Motion-based-Self-Reflection-Framework

April 30, 2025 · View on GitHub

In this work, we propose a motion-based self-reflection framework for fine-grained robotic action correction, which leverages motion instruction as a bridge to connect high-level semantic reflection with low-level robotic action correction.

Concretely, we borrow the inferential capability of Multi-modal Large Language Models (MLLMs) for motion instruction correction, and propose a multi-task motion-conditioned diffusion policy for low-level robotic action correction.

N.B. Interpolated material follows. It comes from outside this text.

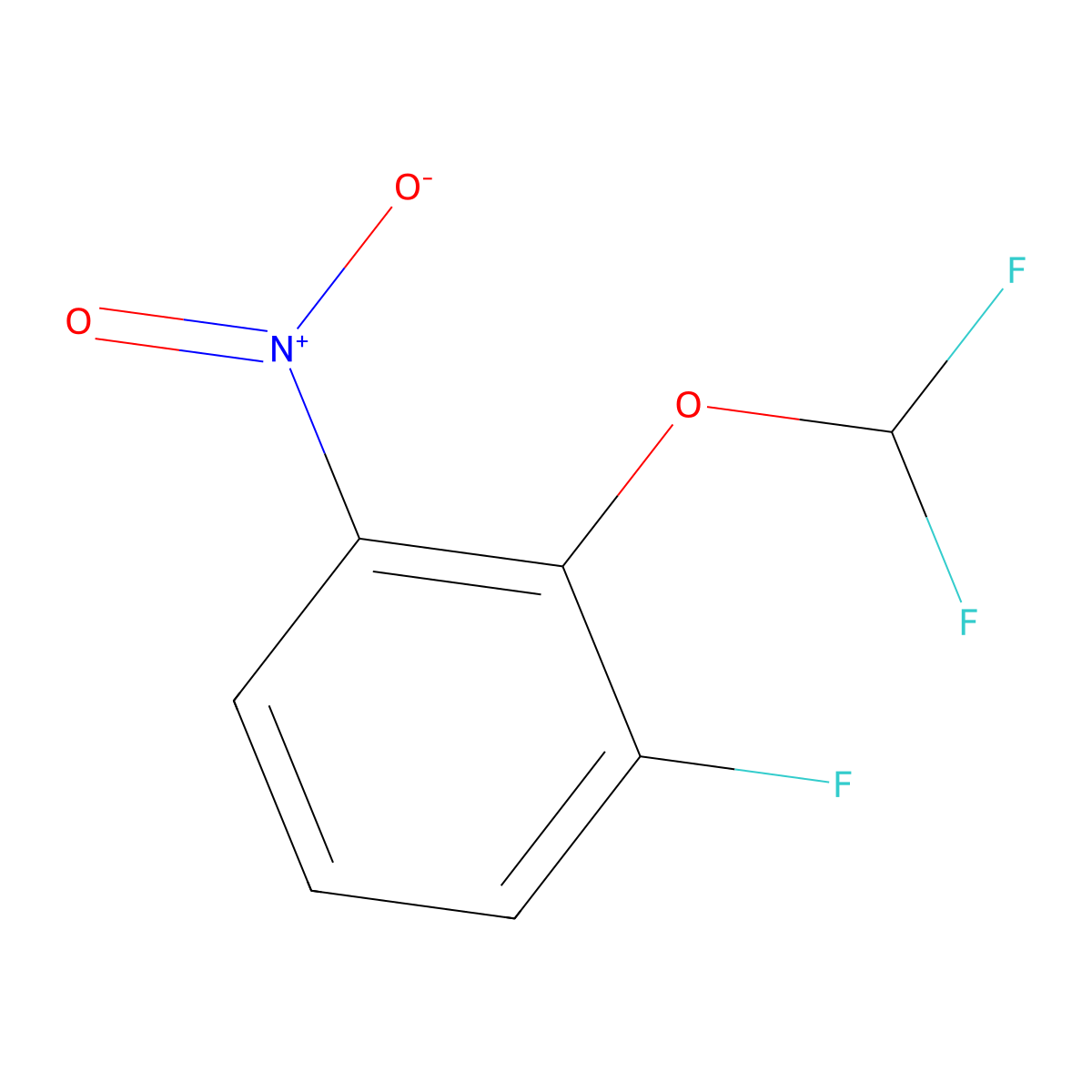 2-(Difluoromethoxy)-1-fluoro-3-nitro-benzene molecular structure, CAS 1214326-22-3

The results prove the effectiveness of our method:

Installation

First, install the simulation environment, please refer to the mimicgen documentation for more details:

MimicGen Installation

mkdir deps
cd ${project_path}/deps
git clone https://github.com/NVlabs/mimicgen.git
cd mimicgen
pip install -e .

Robosuite Installation

cd ${project_path}/deps
git clone https://github.com/ARISE-Initiative/robosuite.git
cd robosuite
git checkout b9d8d3de5e3dfd1724f4a0e6555246c460407daa
pip install -e .

Robomimic Installation

cd ${project_path}/deps
git clone https://github.com/ARISE-Initiative/robomimic.git
cd robomimic
git checkout d0b37cf214bd24fb590d182edb6384333f67b661
pip install -e .

Robosuite_task_zoo Installation

cd ${project_path}/deps
git clone https://github.com/ARISE-Initiative/robosuite-task-zoo
cd robosuite-task-zoo
git checkout 74eab7f88214c21ca1ae8617c2b2f8d19718a9ed
pip install -e .

Llava Installation

please refer to the Llava Documentation:

cd ${project_path}/deps
git clone https://github.com/haotian-liu/LLaVA.git
cd LLaVA
pip install -e .
pip install -e ".[train]"
pip install flash-attn --no-build-isolation

Usage

Motion Instruction Generation

To train our motion prediction module, motion correction module, and the corresponding motion-conditioned diffusion policy, we need to annotate the trajectories with their corresponding motion instruction.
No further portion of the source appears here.